I tried what I thought was correct (below), but the discrete sys step response to approach 0 as the Ts decreases (rate increase). Also, is there a way in Matlab to create a discretized feedback controller around a continuous plant?
Background:
If I just do c2d() on the continuous CL (closed-loop) sys, as expected the discrete sys's step()/etc plots are always stable: just a sampled version of the continous CL response output. But I'm looking for controller stability, and just c2d(closed-loop sys) seems like it wouldn't show stability in presence of disturbances, say.
Is the discretization process below correct, as far as Matlab command usage?
a) Find continuous-domain plant A, B, C, D, and feedback gains K, eg:
sys = ss(A, B, C, D)
K = lqr(sys, Q, R)
sysCL = ss(sys.A - sys.B * K, sys.B * K * [1;0], sys.C, sys.D)
And to check response to disturbance inputs:
F = [0; 1/m] % since this is a 2nd-O spring/mass/damper system
sysCL = ss(sys.A - sys.B * K, [ sys.B * K * [1;0], F], sys.C, sys.D)
Use the cts version as inputs to discretization process, and as comparison
b) To find the equivalent discrete version, find discrete gains K_disc, eg:
sys_d = c2d(sys, Ts)
K_d = lqrd(sys_d.A, sys_d.B, Q, R, Ts)
sysCL_d = ss(sys_d.A - sys_d.B * K_d, sys_d.B * K_d * [1;0], sys_d.C, sys_d.D, Ts)

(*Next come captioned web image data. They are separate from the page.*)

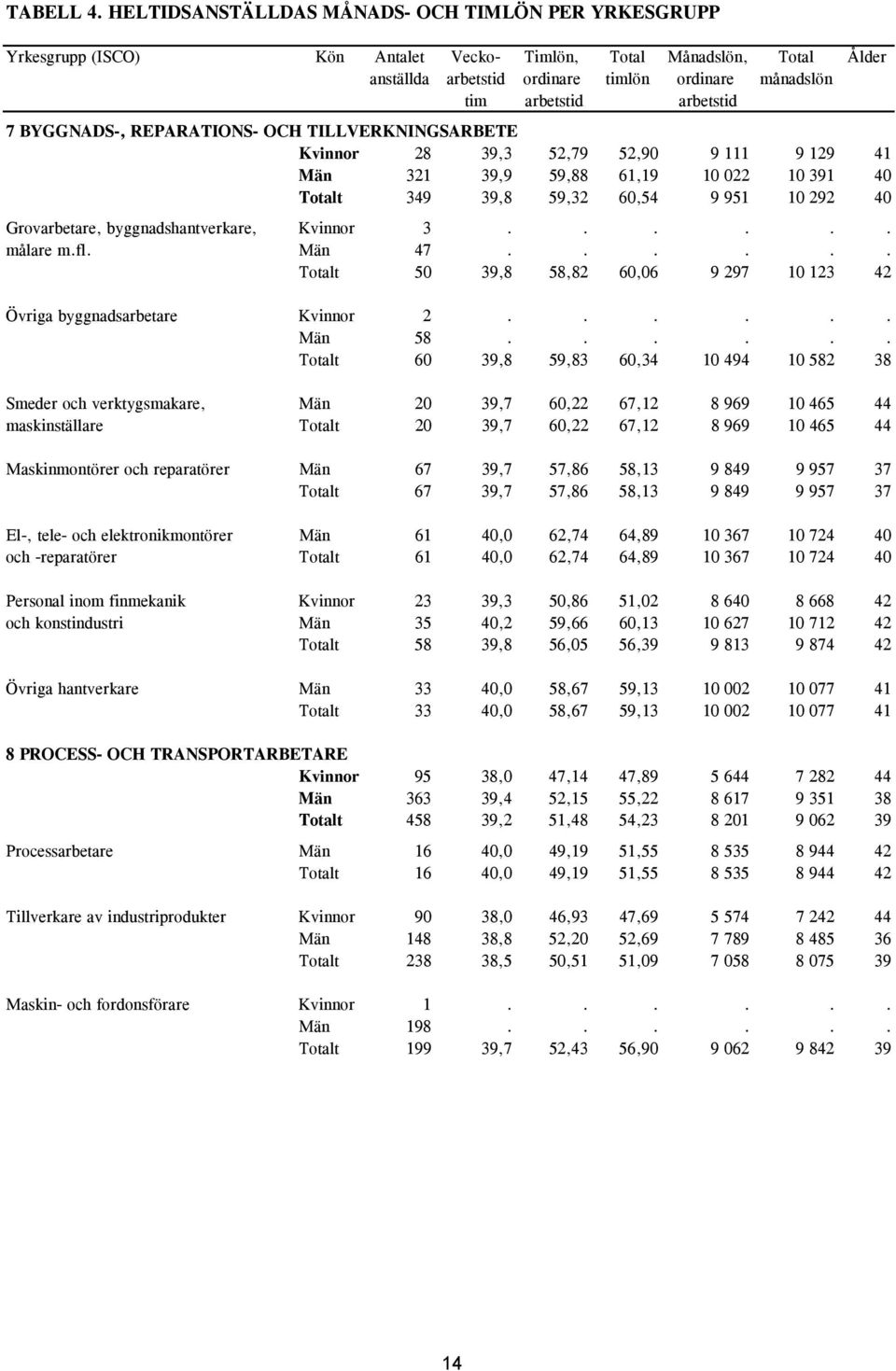 arbetstid 7 BYGGNADS-, REPARATIONS- OCH TILLVERKNINGSARBETE Kvinnor 28 39,3 52,79 52,90 9 111 9 129 41 Män 321 39,9 59,88 61,19 10 022 10 391 40 Totalt 349 39,8 59,32 60,54 9 951 10 292 40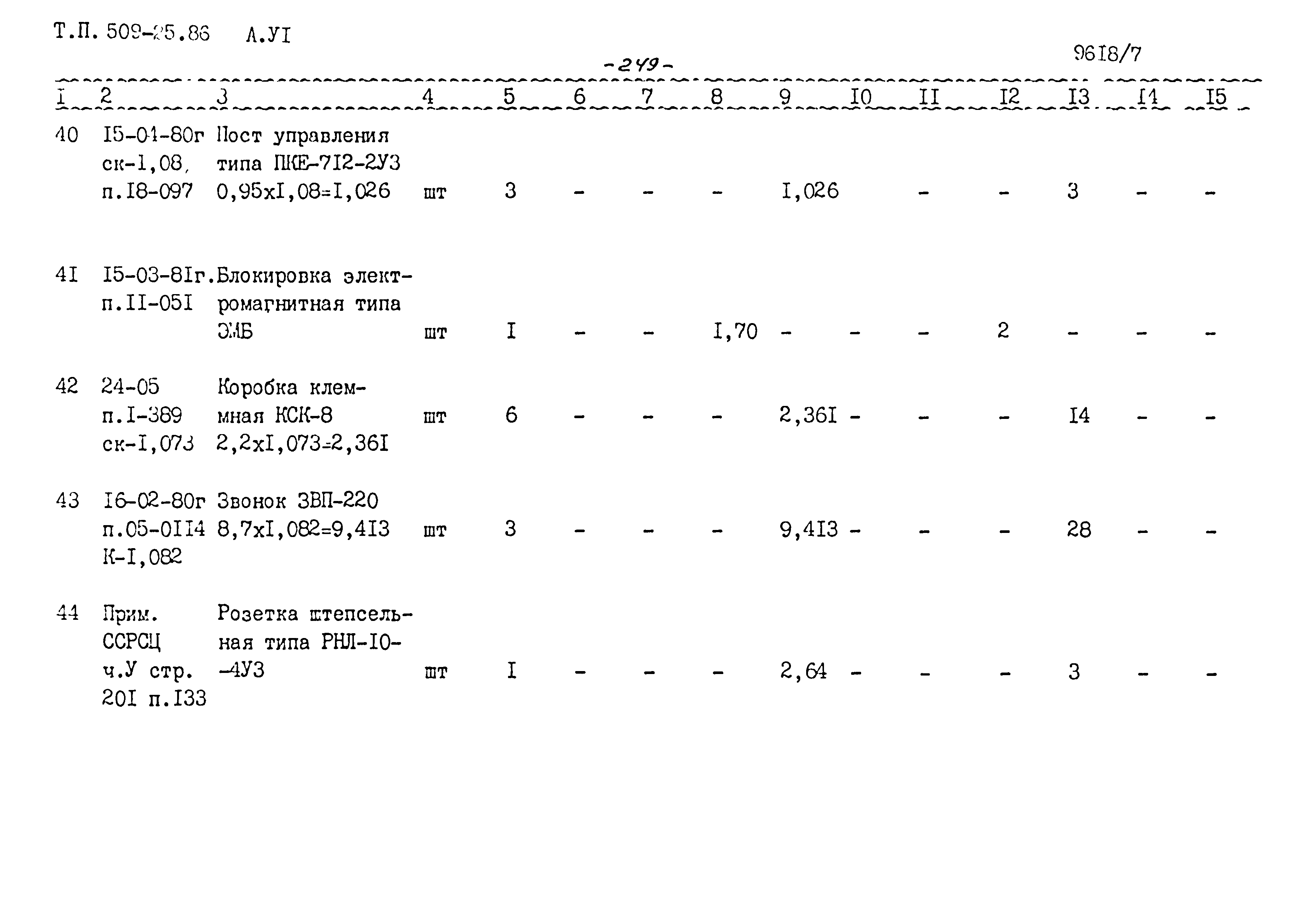 Типовой проект 509-25.86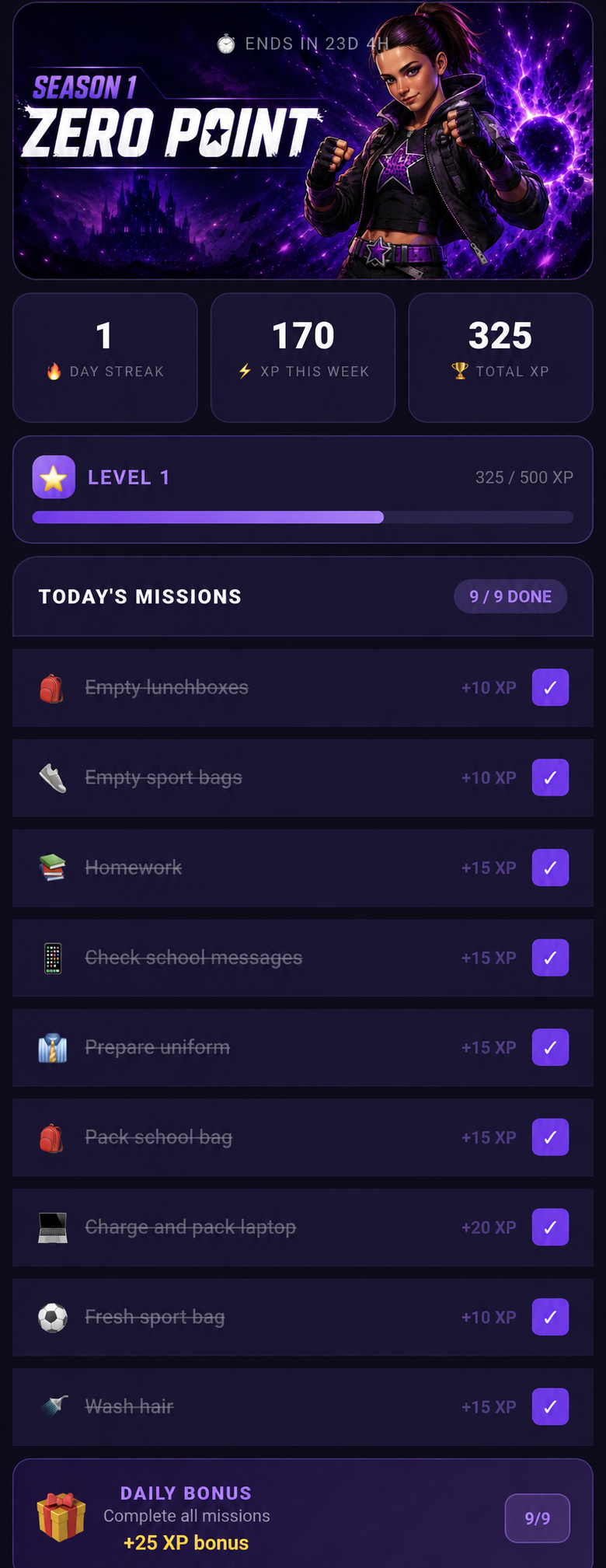 Galaxl74/Chore-Champion: chore Champion — Home Assistant Gamified Chore System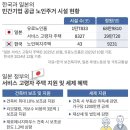 화신건축사사무소 이미지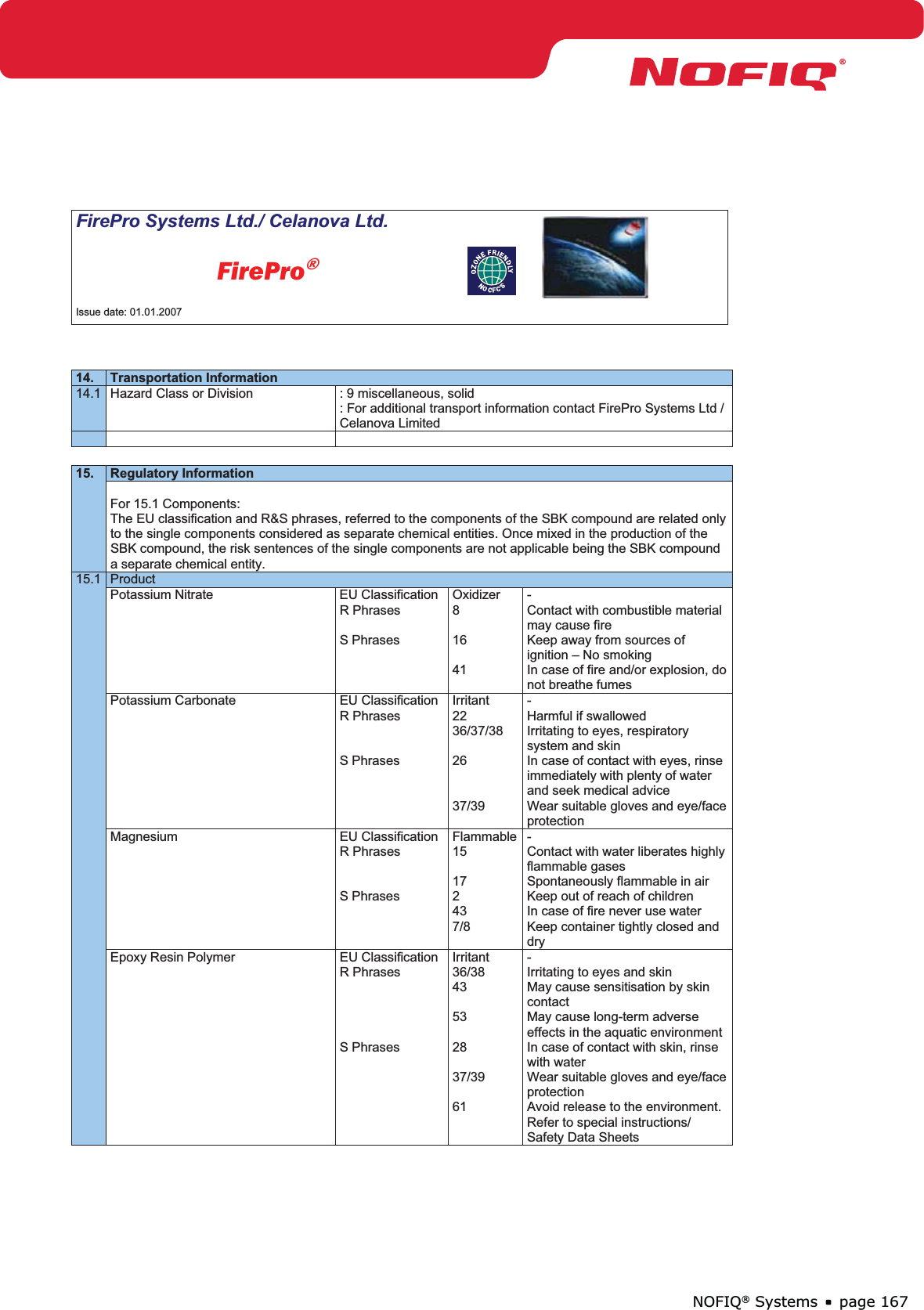 page 167NOFIQ® SystemsFirePro Systems Ltd./ Celanova Ltd.          FirePro®Issue date: 01.01.2007 14. Transportation Information 14.1  Hazard Class or Division  : 9 miscellaneous, solid  : For additional transport information contact FirePro Systems Ltd / Celanova Limited     15. Regulatory Information For 15.1 Components: The EU classification and R&amp;S phrases, referred to the components of the SBK compound are related only to the single components considered as separate chemical entities. Once mixed in the production of the SBK compound, the risk sentences of the single components are not applicable being the SBK compound a separate chemical entity.15.1  Product Potassium Nitrate  EU Classification R Phrases S Phrases Oxidizer816 41 -Contact with combustible material may cause fire  Keep away from sources of ignition – No smoking In case of fire and/or explosion, do not breathe fumes Potassium Carbonate  EU Classification R Phrases S Phrases Irritant 22 36/37/38 26 37/39 -Harmful if swallowed  Irritating to eyes, respiratory system and skin In case of contact with eyes, rinse immediately with plenty of water and seek medical advice Wear suitable gloves and eye/face protection Magnesium EU Classification R Phrases S Phrases Flammable15 17 243 7/8-Contact with water liberates highly flammable gases  Spontaneously flammable in air Keep out of reach of children In case of fire never use water Keep container tightly closed and dryEpoxy Resin Polymer  EU Classification R Phrases S Phrases Irritant 36/38 43 53 28 37/39 61 -Irritating to eyes and skin  May cause sensitisation by skin contact May cause long-term adverse effects in the aquatic environment In case of contact with skin, rinse with water Wear suitable gloves and eye/face protection Avoid release to the environment. Refer to special instructions/ Safety Data Sheets 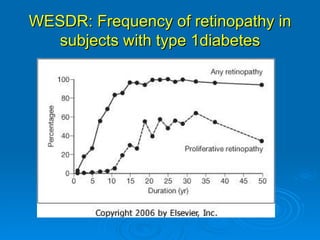 WESDR: Frequency of retinopathy in
  subjects with type 1diabetes
 
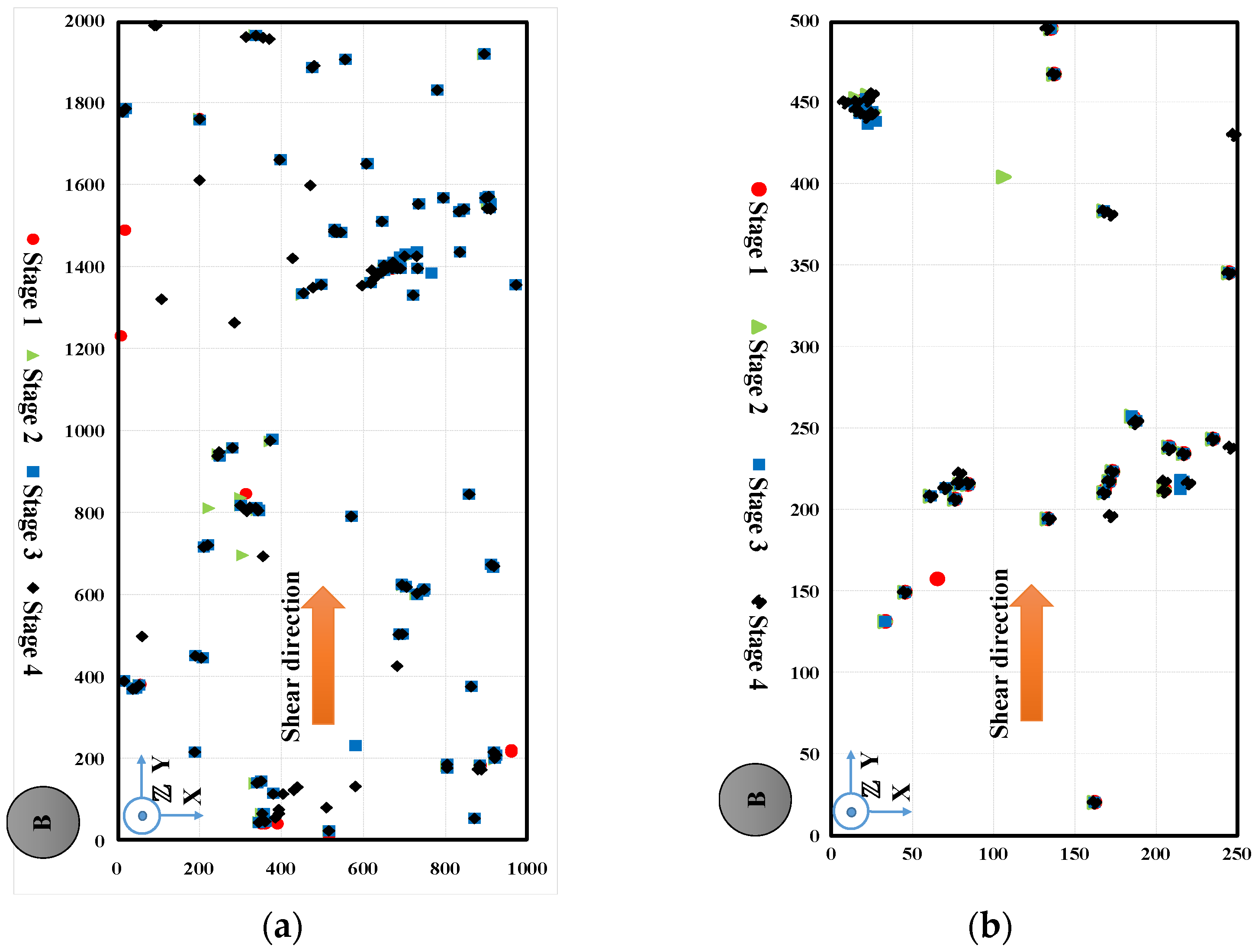Geosciences 11 00293 g006 550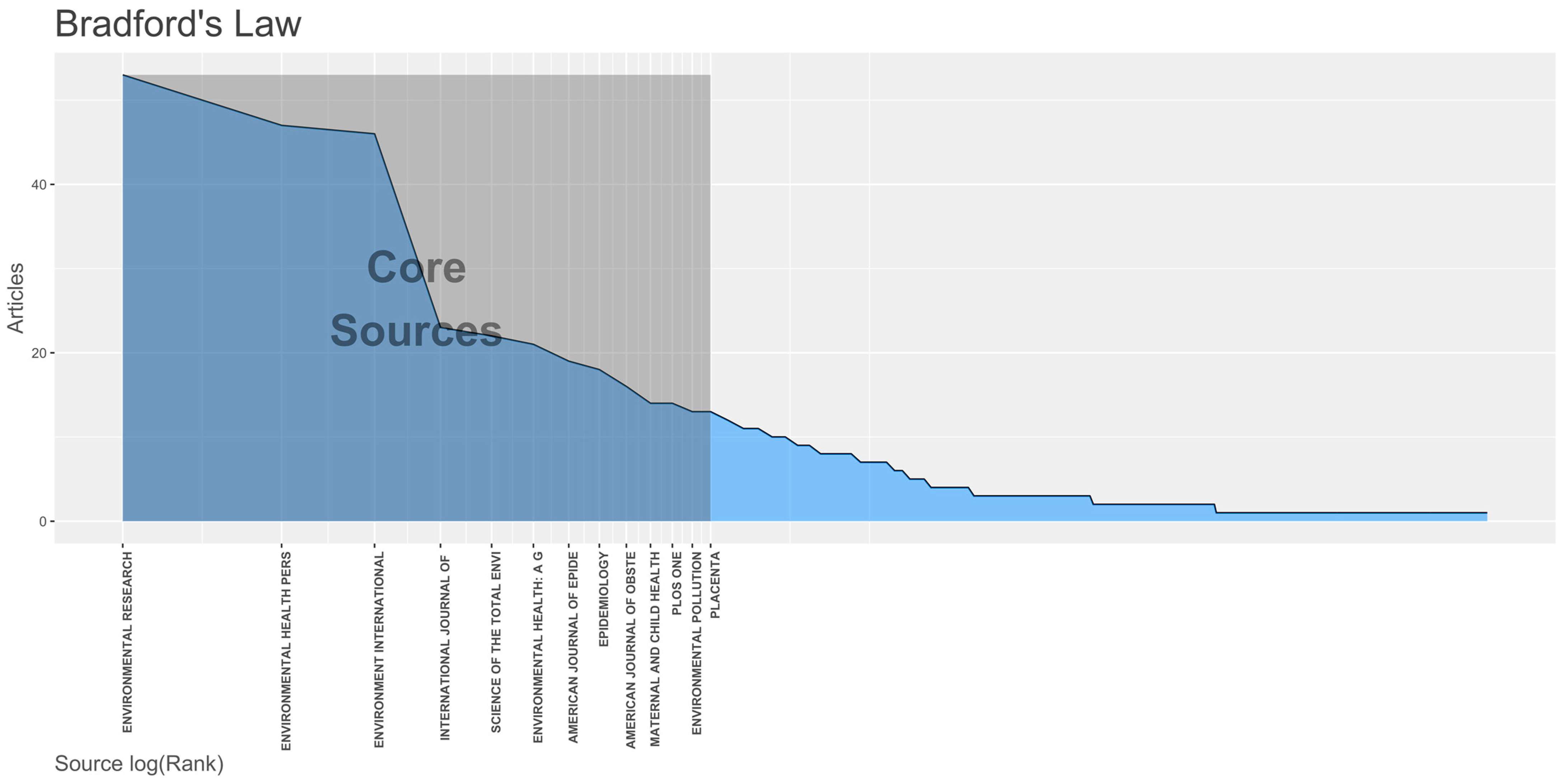 Ijerph 19 02493 g002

% Ref gain is small when loop rate is low...why do I need to scale sysCL_d by 1/dcgain(sysCL_d)?
dcgain(sysCL_d)
And to check response to disturbance inputs:
% Is F the same for a discretized system? sysCL_d.B has elements for both states, unlike sysCL.B
F = [0; 1/m] %since this is a 2nd-O spring/mass/damper system
sysCL_d = ss(sys_d.A - sys_d.B * K_d, [ sys_d.B * K_d * [1;0], F ], sys_d.C, sys_d.D, Ts)
% Ref gain is small when loop rate is low...why do I need to scale sysCL_d by 1/dcgain(sysCL_d)?
dcgain(sysCL_d)
Questions:
Then I check step(sysCL, sysCL_d)
1) The above causes the discrete sys step response to approach 0 as the Ts decreases (rate increase). The cts version steps to 1 as expected.
What am I missing?
2) Is there a way in Matlab to create a discretized feedback controller around a continuous plant?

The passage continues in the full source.